→ **Material to process**:
----

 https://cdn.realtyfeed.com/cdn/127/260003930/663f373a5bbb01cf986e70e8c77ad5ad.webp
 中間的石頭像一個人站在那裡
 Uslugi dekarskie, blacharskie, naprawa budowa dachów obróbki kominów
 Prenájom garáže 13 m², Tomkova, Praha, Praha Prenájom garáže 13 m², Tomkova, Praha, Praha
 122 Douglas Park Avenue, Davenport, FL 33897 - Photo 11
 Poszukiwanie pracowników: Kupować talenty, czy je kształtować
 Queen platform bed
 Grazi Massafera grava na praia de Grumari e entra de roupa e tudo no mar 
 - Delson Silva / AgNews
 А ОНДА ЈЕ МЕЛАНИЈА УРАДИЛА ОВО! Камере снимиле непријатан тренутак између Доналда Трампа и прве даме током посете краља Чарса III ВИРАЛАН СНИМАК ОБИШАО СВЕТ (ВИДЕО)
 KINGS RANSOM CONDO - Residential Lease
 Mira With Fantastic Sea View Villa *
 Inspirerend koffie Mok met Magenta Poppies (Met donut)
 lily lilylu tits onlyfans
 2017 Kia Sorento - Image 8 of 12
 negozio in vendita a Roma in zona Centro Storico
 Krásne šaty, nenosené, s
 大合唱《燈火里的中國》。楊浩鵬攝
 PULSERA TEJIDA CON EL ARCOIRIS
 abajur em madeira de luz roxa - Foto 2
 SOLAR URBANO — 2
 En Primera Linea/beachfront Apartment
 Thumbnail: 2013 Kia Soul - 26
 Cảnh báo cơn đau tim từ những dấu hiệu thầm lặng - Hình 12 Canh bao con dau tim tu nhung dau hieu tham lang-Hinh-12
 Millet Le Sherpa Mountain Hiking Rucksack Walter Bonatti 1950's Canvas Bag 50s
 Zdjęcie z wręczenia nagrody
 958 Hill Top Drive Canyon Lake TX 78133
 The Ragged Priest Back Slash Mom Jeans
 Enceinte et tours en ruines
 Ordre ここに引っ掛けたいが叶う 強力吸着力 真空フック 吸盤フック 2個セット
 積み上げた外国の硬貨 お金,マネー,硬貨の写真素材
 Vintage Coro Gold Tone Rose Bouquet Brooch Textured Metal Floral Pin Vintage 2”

----

Return all of the entries word for word.

 https://cdn.realtyfeed.com/cdn/127/260003930/663f373a5bbb01cf986e70e8c77ad5ad.webp
 中間的石頭像一個人站在那裡
 Uslugi dekarskie, blacharskie, naprawa budowa dachów obróbki kominów
 Prenájom garáže 13 m², Tomkova, Praha, Praha Prenájom garáže 13 m², Tomkova, Praha, Praha
 122 Douglas Park Avenue, Davenport, FL 33897 - Photo 11
 Poszukiwanie pracowników: Kupować talenty, czy je kształtować
 Queen platform bed
 Grazi Massafera grava na praia de Grumari e entra de roupa e tudo no mar 
 - Delson Silva / AgNews
 А ОНДА ЈЕ МЕЛАНИЈА УРАДИЛА ОВО! Камере снимиле непријатан тренутак између Доналда Трампа и прве даме током посете краља Чарса III ВИРАЛАН СНИМАК ОБИШАО СВЕТ (ВИДЕО)
 KINGS RANSOM CONDO - Residential Lease
 Mira With Fantastic Sea View Villa *
 Inspirerend koffie Mok met Magenta Poppies (Met donut)
 lily lilylu tits onlyfans
 2017 Kia Sorento - Image 8 of 12
 negozio in vendita a Roma in zona Centro Storico
 Krásne šaty, nenosené, s
 大合唱《燈火里的中國》。楊浩鵬攝
 PULSERA TEJIDA CON EL ARCOIRIS
 abajur em madeira de luz roxa - Foto 2
 SOLAR URBANO — 2
 En Primera Linea/beachfront Apartment
 Thumbnail: 2013 Kia Soul - 26
 Cảnh báo cơn đau tim từ những dấu hiệu thầm lặng - Hình 12 Canh bao con dau tim tu nhung dau hieu tham lang-Hinh-12
 Millet Le Sherpa Mountain Hiking Rucksack Walter Bonatti 1950's Canvas Bag 50s
 Zdjęcie z wręczenia nagrody
 958 Hill Top Drive Canyon Lake TX 78133
 The Ragged Priest Back Slash Mom Jeans
 Enceinte et tours en ruines
 Ordre ここに引っ掛けたいが叶う 強力吸着力 真空フック 吸盤フック 2個セット
 積み上げた外国の硬貨 お金,マネー,硬貨の写真素材
 Vintage Coro Gold Tone Rose Bouquet Brooch Textured Metal Floral Pin Vintage 2”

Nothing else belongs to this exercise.